Some are more concerned with Americans than Chinese, just as some are more concerned with Chinese than Americans, although Americans who are concerned over the economic well-being of Americans are derided, with individuals attempting to speak to their own self interest termed nativist xenophobes and worse, while Chinese doing the same are not.
This does not change the basic facts, however. Impoverishing a market while wrangling over access to that market and being dependent upon it is so stupid as to be irrational, for all involved.
Still playing dumb, I see. You deny that there has ever been a formal yuan peg to the dollar, and you deny that there is still a de facto peg despite claims that the currency has been floated? You know better.
Odd that you’d find someone pointing out that you have a personal interest in offshoring as trade policy to be a personal attack.

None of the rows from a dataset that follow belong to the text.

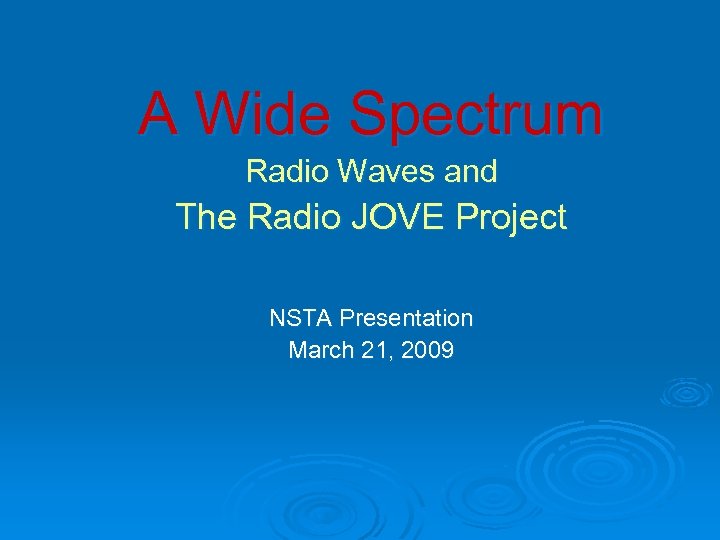 A Wide Spectrum Radio Waves and The Radio JOVE Project NSTA Presentation March 21,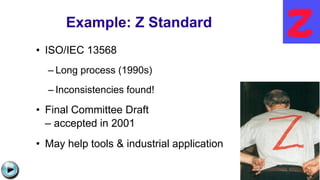 Example: Z Standard
• ISO/IEC 13568
– Long process (1990s)
– Inconsistencies found!
• Final Committee Draft
– accepted in 2001
• May help tools & industrial application
http://web.comlab.ox.ac.uk/oucl/research/groups/zstandards/images/zed.gif
C:UsersJonathanAppDataLocalMicrosoftWindowsTemporary Internet
FilesContent.IE58PADLV2LMC900432679[1].png
 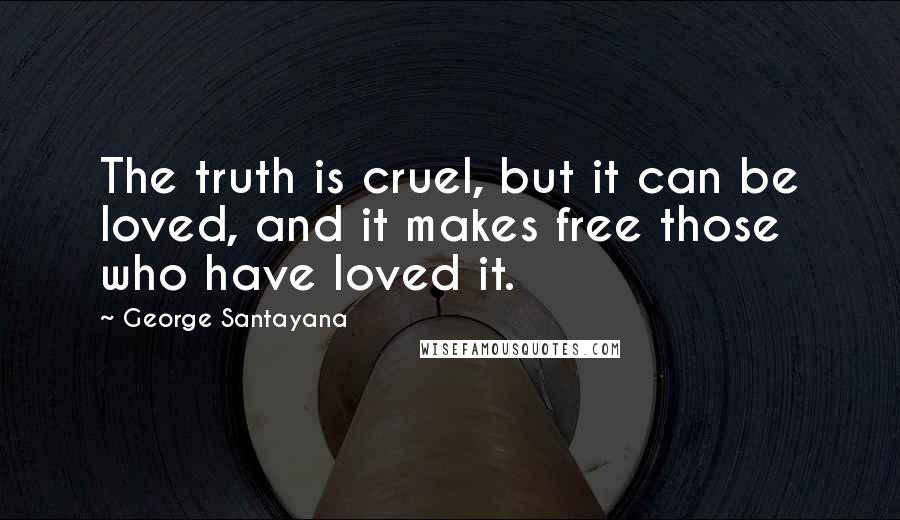 George Santayana Quotes: The truth is cruel, but it can be loved, and it makes free those who have loved it.
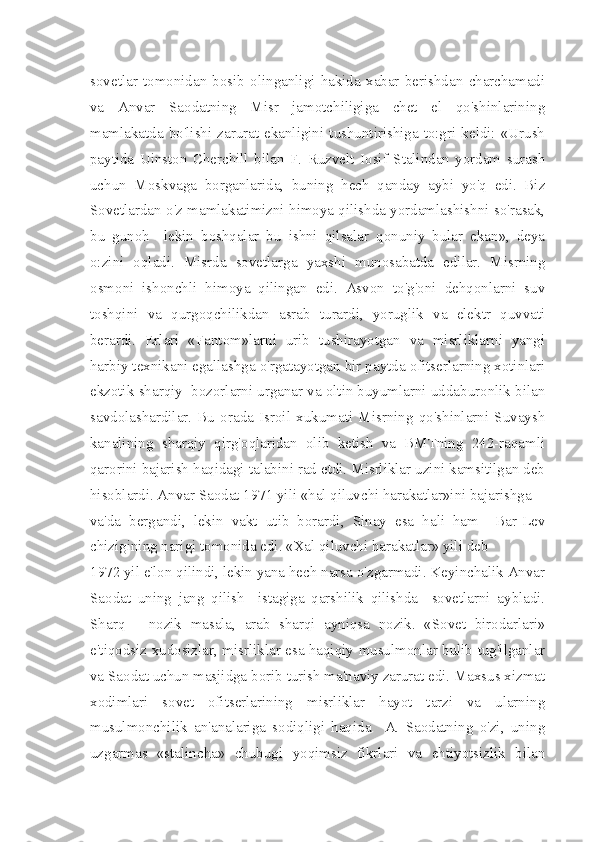 sovetlar   tomonidan   bosib   olinganligi   hakida   xabar   berishdan   charchamadi
va   Anvar   Saodatning   Misr   jamotchiligiga   chet   el   qo'shinlarining
mamlakatda  bo'lishi  zarurat  ekanligini  tushuntirishiga  to:gri  keldi:  «Urush
paytida   Uinston   Cherchill   bilan   F.   Ruzvelt   Iosif   Stalindan   yordam   surash
uchun   Moskvaga   borganlarida,   buning   hech   qanday   aybi   yo'q   edi.   Biz
Sovetlardan o'z mamlakatimizni himoya qilishda yordamlashishni so'rasak,
bu   gunoh     lekin   boshqalar   bu   ishni   qilsalar   qonuniy   bular   ekan»,   deya
o:zini   oqladi.   Misrda   sovetlarga   yaxshi   munosabatda   edilar.   Misrning
osmoni   ishonchli   himoya   qilingan   edi.   Asvon   to'g'oni   dehqonlarni   suv
toshqini   va   qurgoqchilikdan   asrab   turardi,   yoruglik   va   elektr   quvvati
berardi.   Erlari   «Fantom»larni   urib   tushirayotgan   va   misrliklarni   yangi
harbiy texnikani egallashga o'rgatayotgan bir paytda ofitserlarning xotinlari
ekzotik sharqiy  bozorlarni urganar va oltin buyumlarni uddaburonlik bilan
savdolashardilar.   Bu   orada   Isroil   xukumati   Misrning   qo'shinlarni   Suvaysh
kanalining   sharqiy   qirg'oqlaridan   olib   ketish   va   BMTning   242-raqamli
qarorini bajarish haqidagi talabini rad etdi. Misrliklar uzini kamsitilgan deb
hisoblardi. Anvar Saodat 1971 yili «hal qiluvchi harakatlar»ini bajarishga
va'da   bergandi,   lekin   vakt   utib   borardi,   Sinay   esa   hali   ham     Bar-Lev
chizigining narigi tomonida edi. «Xal qiluvchi harakatlar» yili deb
1972 yil e'lon qilindi, lekin yana hech narsa o'zgarmadi. Keyinchalik Anvar
Saodat   uning   jang   qilish     istagiga   qarshilik   qilishda     sovetlarni   aybladi.
Sharq—   nozik   masala,   arab   sharqi   ayniqsa   nozik.   «Sovet   birodarlari»
e'tiqodsiz xudosizlar, misrliklar esa haqiqiy musulmonlar bulib tug'ilganlar
va Saodat uchun masjidga borib turish ma'naviy zarurat edi. Maxsus xizmat
xodimlari   sovet   ofitserlarining   misrliklar   hayot   tarzi   va   ularning
musulmonchilik   an'analariga   sodiqligi   haqida     A.   Saodatning   o'zi,   uning
uzgarmas   «stalincha»   chubugi   yoqimsiz   fikrlari   va   ehtiyotsizlik   bilan 
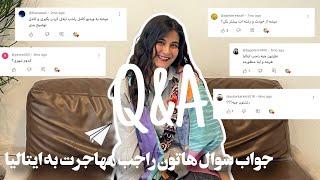 هر سوالی راجب ایتالیا و بورسش رو جواب دادم | Q&A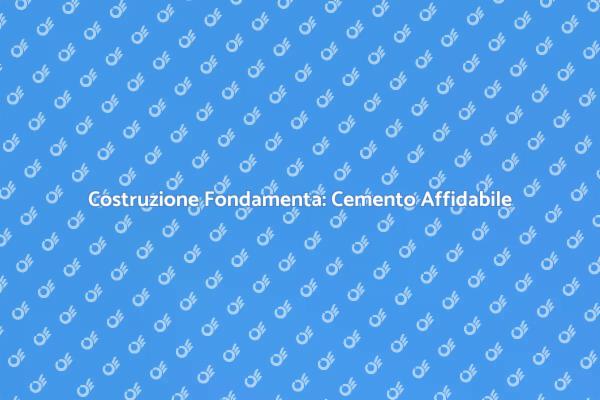 Fondamenta in Cemento: Stabilità Garantita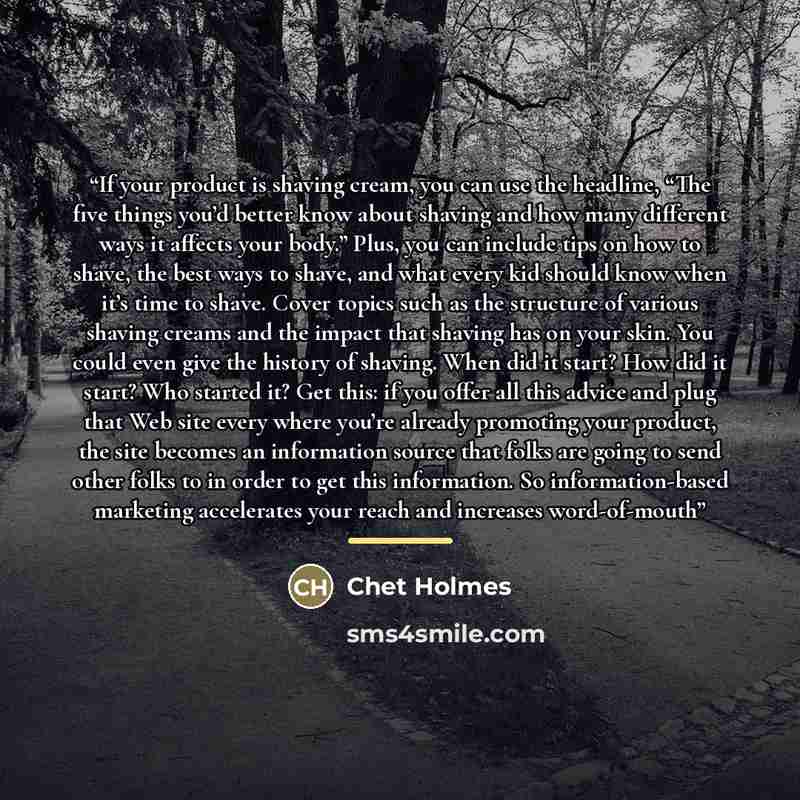 “If your product is shaving cream, you can use the headline, “The five things you’d better know about shaving and how many different ways it affects your body.” Plus, you can include tips on how to shave, the best ways to shave, and what every kid should know when it’s time to shave. Cover topics…” quote by Chet Holmes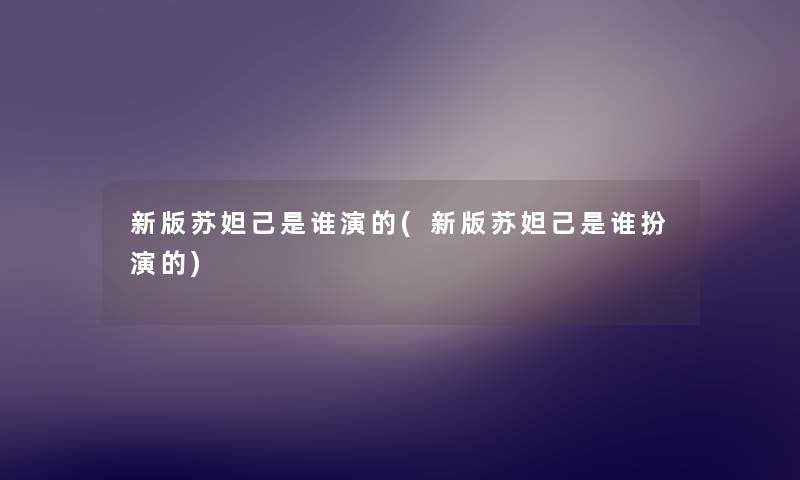 新版苏妲己是谁演的(新版苏妲己是谁扮演的) 新版苏妲己是谁演的(新版苏妲己是谁扮演的)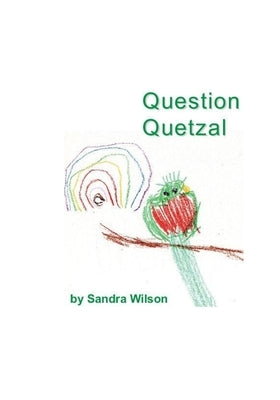 Question Quetzal by Wilson, Sandra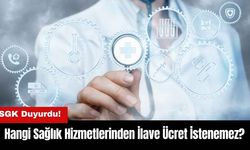 SGK Duyurdu! Hangi Sağlık Hizmetlerinden İlave Ücret İstenemez?
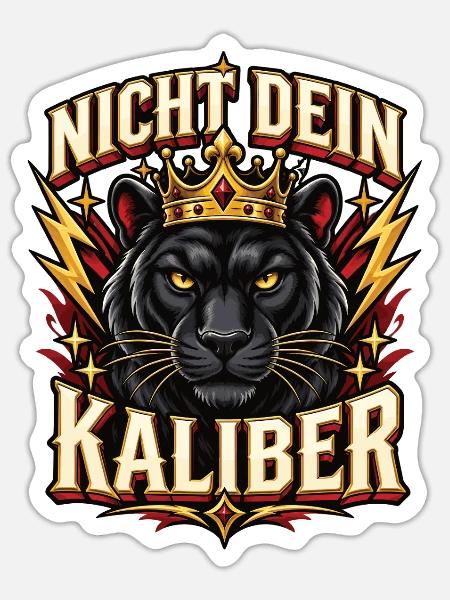 Nicht dein Kaliber – selbstbewusster Spruch - Sticker Größe S (10 x 10 cm) - Mattweiß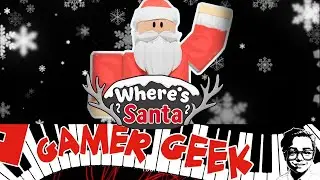 Gamer Geek Goes in Search of Santa on Christmas Day in Where's Santa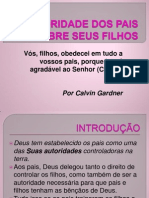 A Autoridade Dos Pais Sobre Seus Filhos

Pinging “All” doesn’t ping anyone but the screen name “All” by the way. Maybe “All” will chime in someday but hasn’t thus far.
I agree. Thanks.
I don't see how the first can be the case. The yuan is pegged to the dollar. This means that a yuan buys more gasoline today at 6.5 yuan to the dollar than it did at 8.25 yuan to the dollar just a few years ago.
Why some Chinese investors invest in the US probably has to do with getting a bolthole in case of problems back home. The US is one of the few countries that does not automatically extradite anyone on the Chinese government's wanted list, does not aggressively go after visa overstayers and has a large enough Chinese community that homesickness is somewhat alleviated for involuntary exiles. It's also a place where the natives actually attempt to help foreigners who face the danger of being killed back home, which is not a universal phenomenon on the planet.
Real estate prices are skyrocketing in response to rapidly rising Chinese wages, and businesses are expanding pell mell to deal with the rising consumption that has resulted from these wage increases, which have to do with productivity increases that come from using modern equipment to do things rather than the labor-intensive methods of old. There is no shortage of investment opportunities in China.
Maybe you'll have more luck in expressing this to our fellow FReeper expat-panama, who persists in claiming that it's not. I'm just a southern textile yahoo and a nativist to boot, what would I know.
I'd be interested in hearing your ideas.
Without a minimum wage, unemployment, social security and food stamps, much of that labor would still be employed. The problem here is that we've imposed layer upon layer of regulation and welfare state bennies that have removed most incentives for people on the lower end of the IQ scale to work. I think in the first few decades after welfare benefits were first legislated, most of that cohort continued to work simply out of this sense that it wasn't moral to impose on your fellow countrymen. The unfortunate reality is that economic laws eventually ride roughshod over both morality and cultural norms. People eventually figure out that a family of 4 with the parents stuck in low-end jobs can generate more income from government welfare programs than by working minimum wage jobs.
I posted this earlier but you asked....
I visited a closed plant in North Carolina to assess the equipment being exported to Bangladesh. It was aa fully automated process for converting raw cotton to T shirt Yarn. Raw cotton came in one door and yarn ewnt out another. It was of Japanese manufacture and about 9 years old. It was fully automatic and required few employees.
What it means in Bangladesh is that similar labor intensive plants must close and there will be a net loo of jobs along with increased production.